August 3, 1998.
Haven't written one of these for awhile now. I've been in an inertial state since the Chicago production of "Griller". If I were to write an autobiography, it would be a history of the various states of procrastination I've lived in the last twenty years. Twenty years ago, whether or not I sat down and wrote every day was of no concern to anyone but myself. Every day I would sharpen my pencils, get ready to get down to work, and then think of ways to put it off. Procrastination came in two forms: hanging with friends or getting high. Or hanging with friends getting high. Days, weeks, months went by and nothing would get done. But I had a good time.

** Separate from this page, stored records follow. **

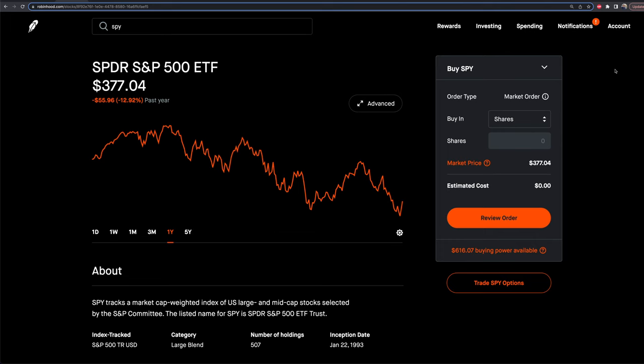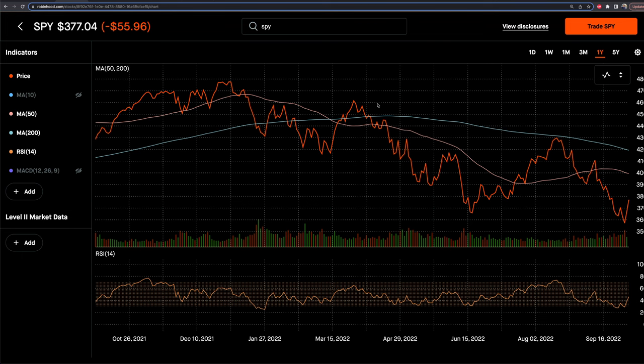So you pick a stock — step one — and then you're going to dive into the advanced chart. They've had this for a while but they've been expanding it. It makes sense because there are platforms out there like TD Ameritrade, Webull, even TradingView that have a lot more. Robinhood users were going to other platforms to do their charting before making trades, so Robinhood decided to add more features and they're rolling it out.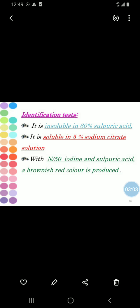It is soluble in 5% sodium citrate solution. With N50 iodine and sulfuric acid, a brownish red color is produced. This is the identification test.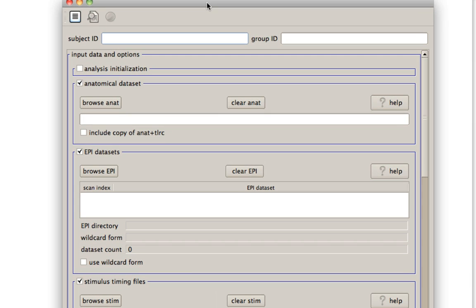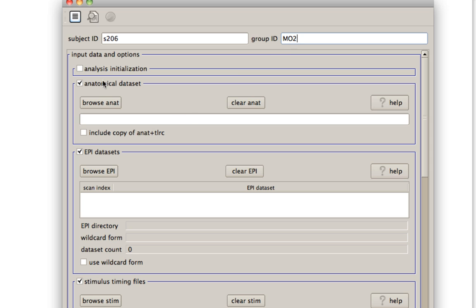Within here, you can see there are options for all the different steps of preprocessing that you'd want to do with a typical fMRI dataset. First off, let's give it a subject ID. Notice that it needs to start with a letter. You can't just start it with a number or else it'll give you an error message. For the group ID, I'm going to call this MO2.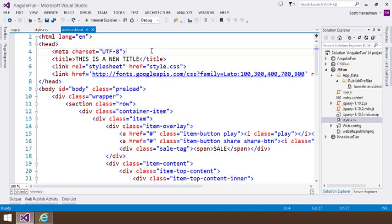Hi, this is Scott Hanselman and I'm taking a look at Visual Studio 2013. Specifically in this video, Browser Link.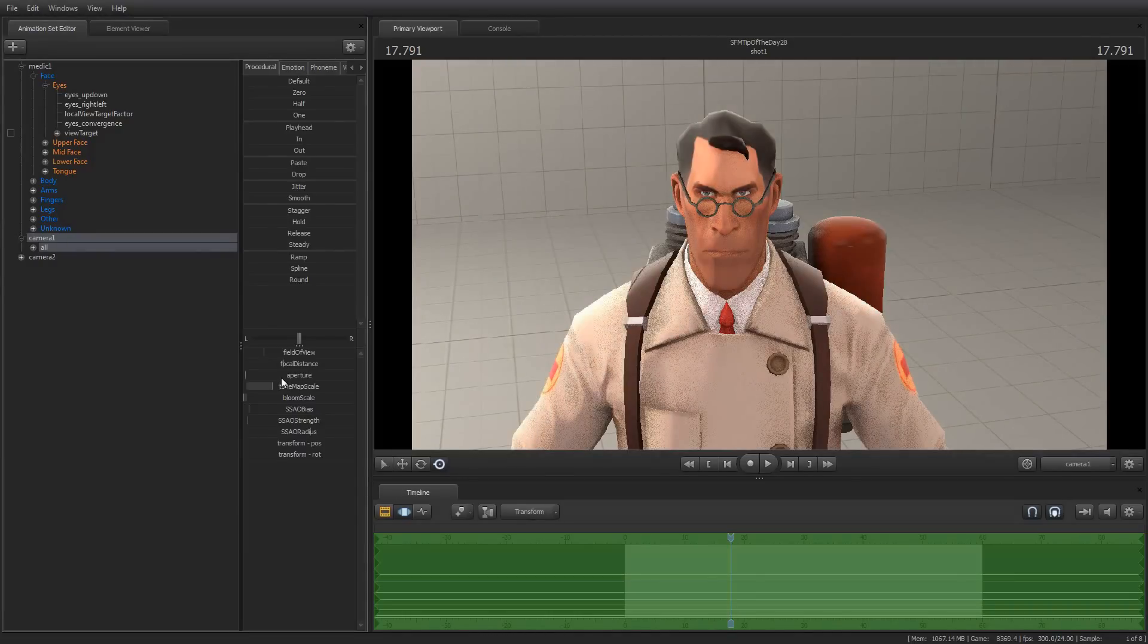So that is another attribute to explore. And I will talk a little bit more about tone map scale in future tips of the day.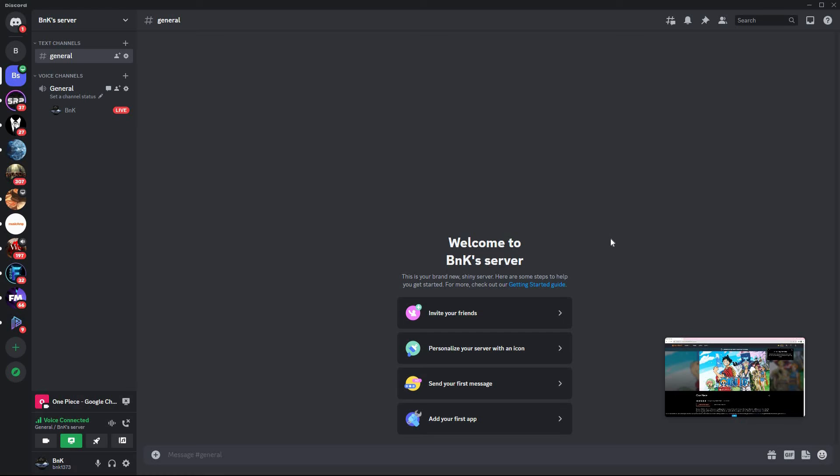Once you've done that, restart your browser and then go back to your Discord app and restart the process of streaming again.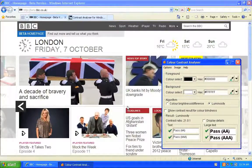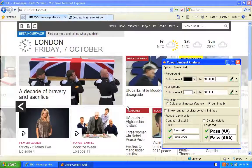Hello everybody, I'm Matt from Numensa, and I'm going to talk to you about checking colour contrast on your website. There are several ways colour contrast can be tested, including automated tools and browser plugins, but these can't always be relied upon to give accurate results.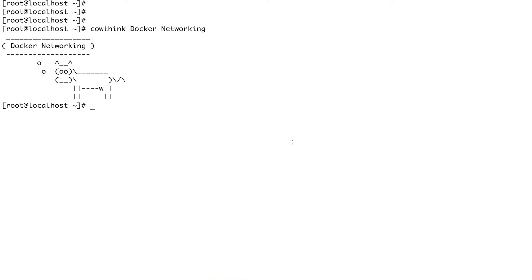Hey guys, welcome back to the channel. In this video we are going to talk about two special kinds of networks in Docker: host and null. Null is sometimes also called the none network.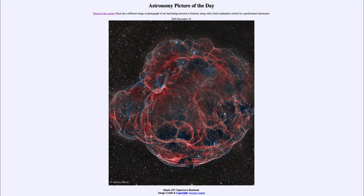It was titled Simeis 147 Supernova Remnant. We'll be back again tomorrow for the next picture, so until then have a great day everyone, and I will see you in class.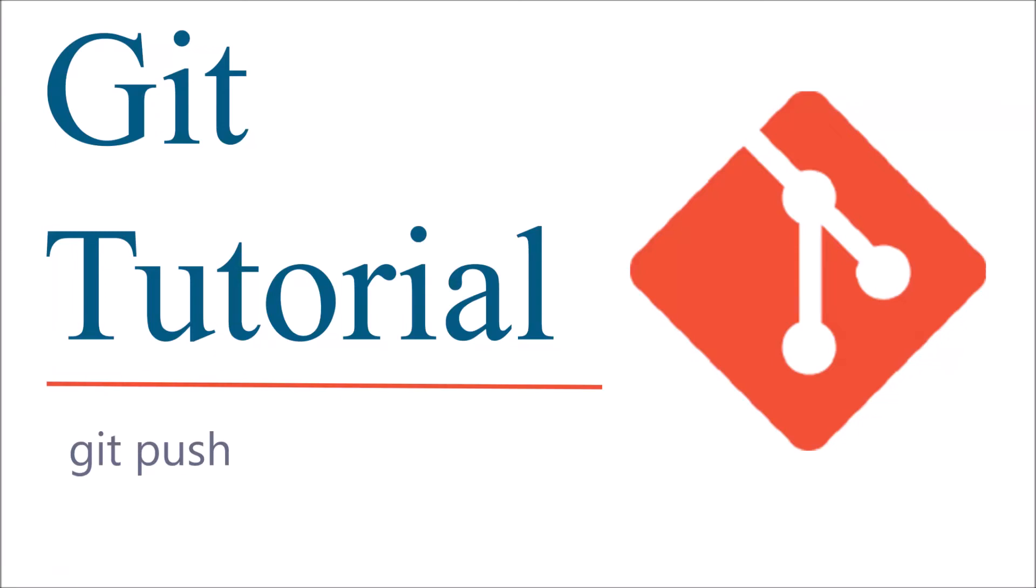Hello everyone and welcome back to my channel. I hope you are doing good. Today I am going to show you the git push command.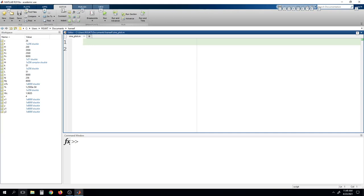Hello all, this is Mohammed Hanif from RGKT Basar. I welcome you on this lab session on digital signal processing. Today we will be starting working on MATLAB and I will show you how we can write a simple program to generate a sine wave and how we can use a plot function in MATLAB to draw two-dimensional diagrams.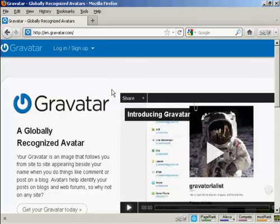In this video, I'm going to show you how to get and use Gravatars in your WordPress blog. Gravatars are globally recognized avatars, and they allow you to place this avatar beside posts in blogs and other sites.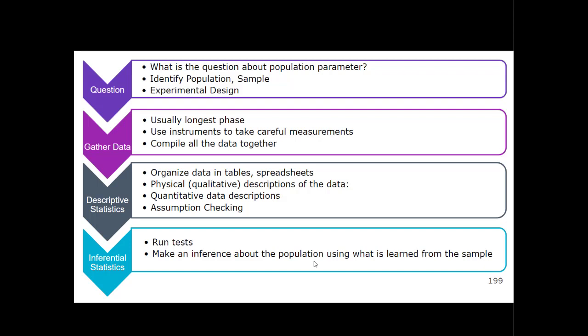For example, if I'm studying how well second graders read and a teacher's scores accidentally got included — she's not a second grader and not part of the population — her scores are going to really mess up everyone else's. You're also starting to do quantitative data descriptions: running mean, mode, median, kurtosis, skewness, standard deviation, and different figures like histograms, box plots, and QQ plots. This is also when you start checking assumptions, like the assumption of normality.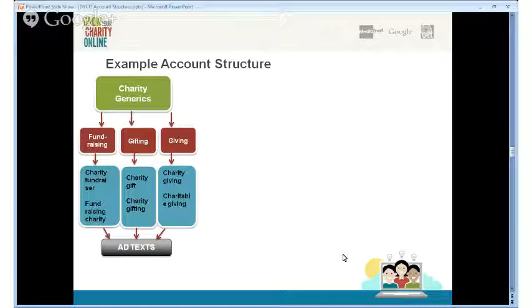Let's look at a sample account structure. Take a campaign called 'Charity Generics' — under it you could have ad groups around fundraising, gifting, and giving. Under fundraising, keywords like 'charity fundraiser' and 'fundraising charity'; for gifting, 'charity gift' or 'charity gifting'; under giving, 'charity giving' and 'charitable giving.' Notice that the ad group is reflected in the keywords — it's tightly themed to ensure everything is set up right for great performance.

Then one day I realized I was getting old (I was around thirty) and I buckled down. I got some work done, just enough to get produced, which in turn created deadlines. Now I had something new to procrastinate about. A deadline by definition creates the urge to foot-drag. Then I got a smidgen of success and people wanted to talk to me on the phone. This is the mother lode of all procrastination because there's a feeling of constructiveness talking on the phone. First of all, one is often talking about work, all the work you're going to do, plans, details, etc. and secondly, you're talking to your agent or producer, so of course this must be constructive.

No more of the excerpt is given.